Nous sommes face à une nouvelle sociologie de la jeunesse en difficulté. Avant, il s’agissait essentiellement de jeunes issus des ZUS, aujourd’hui 87 % des jeunes en difficulté sont hors ZUS, dont 40 % sont issus de milieux favorisés. Nous sommes face à un phénomène de descendeur social qui s’est mis en route et qui n’en finit plus aujourd’hui. Or les politiques publiques ont été pensées pour les ZUS, pas pour les jeunes des quartiers moins sensibles.
Contrairement à ce qu’on dit souvent, on ne manque pas de dispositifs en France. Mais ils sont mal répartis sur les territoires, avec des acteurs qui ne travaillent pas ensemble, qui ne mettent pas de cohérence dans leurs propositions.
Il faut noter aussi, que les politiques de raccrochage scolaire ont eu pour effet de diminuer le flux des décrocheurs mais rien n’a été fait pour le « stock », les décrochés de l’Education nationale depuis plus d’un an. Et plus ces jeunes vieillissent, moins il y a de dispositifs pour eux, du fait des limites d’âge. C’est un réel problème : les politiques jeunesse, depuis 40 ans, s’arrêtent à 26 ans alors que l’âge d’accès à l’autonomie ne fait que reculer. Récemment, le ministère du Travail a annoncé que l’apprentissage sera ouvert jusqu’à 30 ans : c’est une avancée.
L’orientation doit être réformée en profondeur. Elle est quasi inexistante dans l’éducation. Dans la société en général, les envies des jeunes ne sont pas prises en compte. Si on met un jeune dans une école de boulangerie alors qu’il voulait travailler dans la carrosserie, on le pousse au décrochage. On ne fait que remplir des cases et on oriente par l’échec : pourquoi orienter systématiquement ceux qui sont en difficulté vers les métiers manuels ? Parmi eux, il y en a qui ne sont pas manuels du tout et cela dévalorise ces métiers du même coup. En fonctionnant ainsi, on fragilise notre équilibre économique.

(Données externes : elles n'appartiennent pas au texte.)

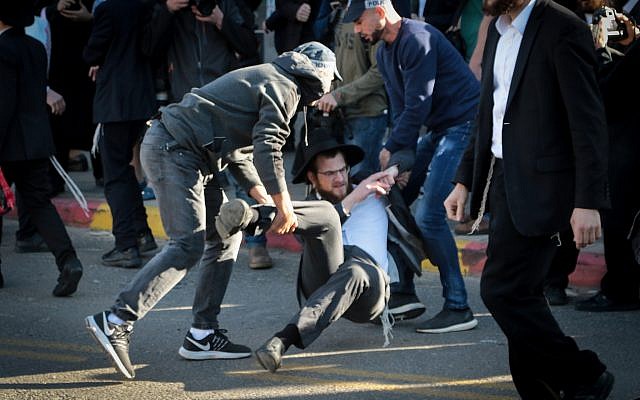 Ultra-Orthodox Israelis clash with police during an anti-draft protest in Bnei Brak, December 10, 2018 (Roy Alima/Flash90)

La politique de la ville à l’égard des jeunes en ZUS a fonctionné, il faudrait maintenant prendre en considération les jeunes qui vivent en milieu diffus. On sait que les jeunes « invisibles » ne viendront pas dans les structures car ils ne les connaissent pas ou car elles se trouvent dans des quartiers difficiles d’accès. La prévention spécialisée, avec des éducateurs qui vont à la rencontre des jeunes marginalisés, cela fonctionne dans les quartiers sensibles où tout est concentré mais pas ailleurs. C’est pourquoi nous allons lancer, avec le département des Hauts-de-France, une campagne d’information et mettre en place un numéro qui les orientera vers les structures proches de chez eux. Extérioriser les missions locales dans les autres quartiers pourrait aussi être une idée. En fonctionnant ainsi, on peut redonner de la cohésion à la jeunesse et éviter les fractures, entre les jeunes de quartiers et les autres, entre ceux qui passent par la voie royale et les décrocheurs.
• 14 millions de NEETs ((ni en emploi, ni étudiants, ni en formation) en Europe.
• Entre 500 000 et 1 million d’« invisibles » en France.
• 11 % des jeunes âgés de 30 ans vivent ou sont retournés chez leurs parents.
• 87 % des jeunes en difficulté habitent hors zones urbaines sensibles.
• 40 % des jeunes « invisibles » sont issus de milieux favorisés.